8. L'intérêt d'une bonne administration de la justice justifie, en effet, que la Cour de cassation statue au fond.
9. Il résulte des constatations de l'arrêt que la SCP notariale n'a pas dressé d'acte de notoriété. Celle-ci ne peut donc être contrainte ni de communiquer un acte qu'elle n'a pas établi ni des informations détenues par elle et soumises au secret professionnel.
PAR CES MOTIFS, la Cour :
CASSE ET ANNULE, en toutes ses dispositions, l'arrêt rendu le 29 octobre 2020, entre les parties, par la cour d'appel de Montpellier ;
DIT n'y avoir lieu à renvoi ;
REJETTE les demandes de communication portant sur l'identité de Mme [T] et des héritiers de [K] [T] et de délivrance de l'acte de notoriété de la succession de celui-ci ;
Condamne le syndicat des copropriétaires de l'immeuble [Localité 5] [Adresse 6] aux dépens ;
En application de l'
article 700 du code de procédure civile🏛, rejette la demande formée par le syndicat des copropriétaires de l'immeuble [Localité 5] [Adresse 6], et le condamne à payer à la SCP [J] et [F], la somme de 3 000 euros ;
Dit que sur les diligences du procureur général près la Cour de cassation, le présent arrêt sera transmis pour être transcrit en marge ou à la suite de l'arrêt cassé ;
Ainsi fait et jugé par la Cour de cassation, première chambre civile, et prononcé par le président en son audience publique du vingt avril deux mille vingt-deux.

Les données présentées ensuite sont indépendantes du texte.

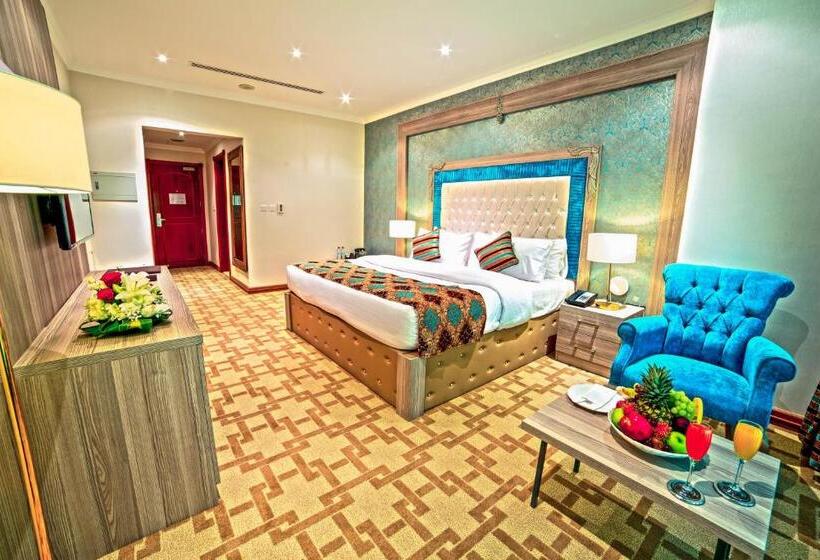 اتاق لوکس با تخت بزرگ, Sapphire Plaza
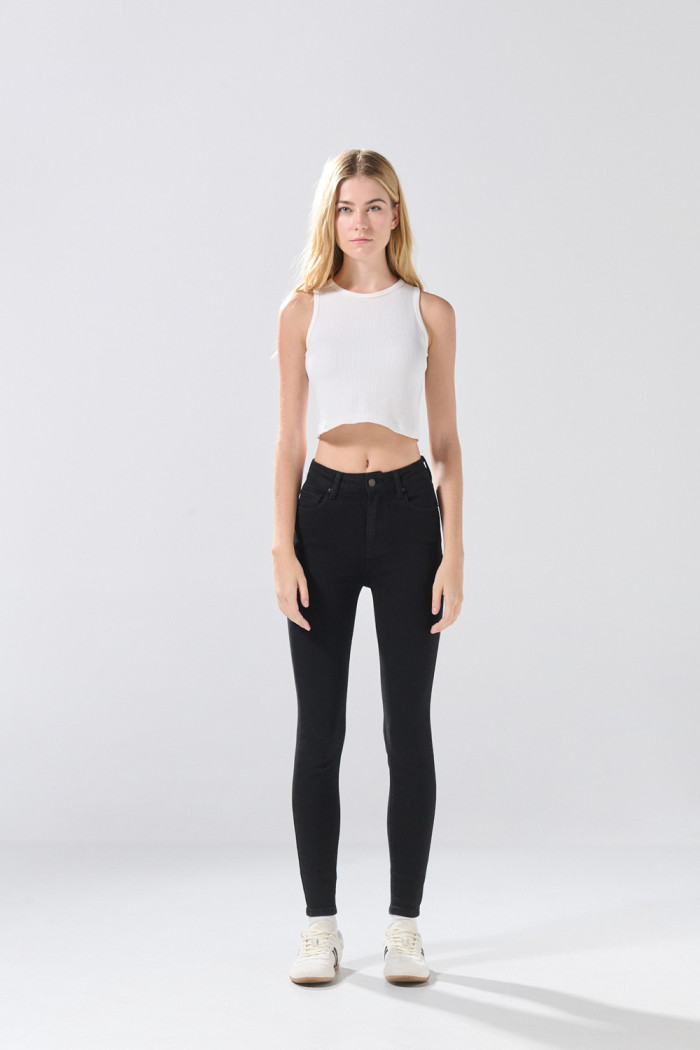 Jean infaltables súper skinny negro con 5 bolsillos
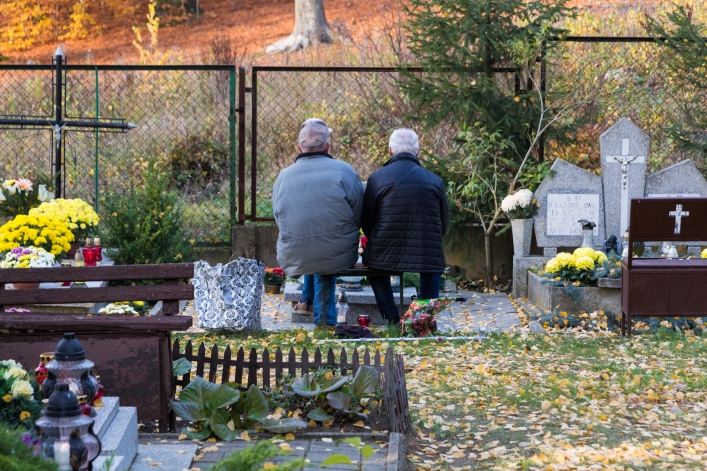 Tłumy na cmentarzach, ale korki minimalne – zobacz zdjęcia z Dębicy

MOYEN ANNEXE au présent arrêt
Moyen produit par la SARL Boré, Aa de Bruneton et Mégret, avocat aux Conseils, pour la société [P] [J] et [A] [F].
La SCP Gauthier-Bonne FAIT GRIEF à l'arrêt infirmatif attaqué de l'AVOIR autorisée, et à défaut, de lui avoir ordonné de communiquer au syndicat des copropriétaires de l'immeuble [Adresse 6], représenté par son syndic en exercice, l'identité complète avec adresse de la veuve et des héritiers réservataires de [K] [T] décédé le 11 septembre 2013 ;
ALORS QUE le secret professionnel du notaire étant intangible, le pouvoir que le juge tient de l'article 23 de la loi du 25 ventôse an XI d'ordonner la communication d'un acte établi par l'officier ministériel ne peut être étendu à des informations qu'aucun acte ne mentionne ; qu'en ordonnant à la SCP [J]-[F] de communiquer au syndicat des copropriétaires l'identité et l'adresse de la veuve et des héritiers réservataires du défunt de la succession duquel la SCP notariale était chargée, bien qu'elle ait relevé qu'en l'absence de prise de position de certains héritiers sur l'acceptation de la succession et en l'état d'une contestation sur leur qualité, le notaire n'avait pu encore dresser l'acte de notoriété et que « cette circonstance conduit à ne pas ordonner la délivrance d'un acte qui n'a pas encore été dressé », la cour d'appel n'a pas tiré les conséquences légales de ses propres constatations dont il résultait qu'elle ne pouvait ordonner la communication d'informations devant figurer dans un acte que le notaire n'était pas en mesure d'établir, violant ainsi l'article 23 de loi du 25 ventôse an XI par fausse application.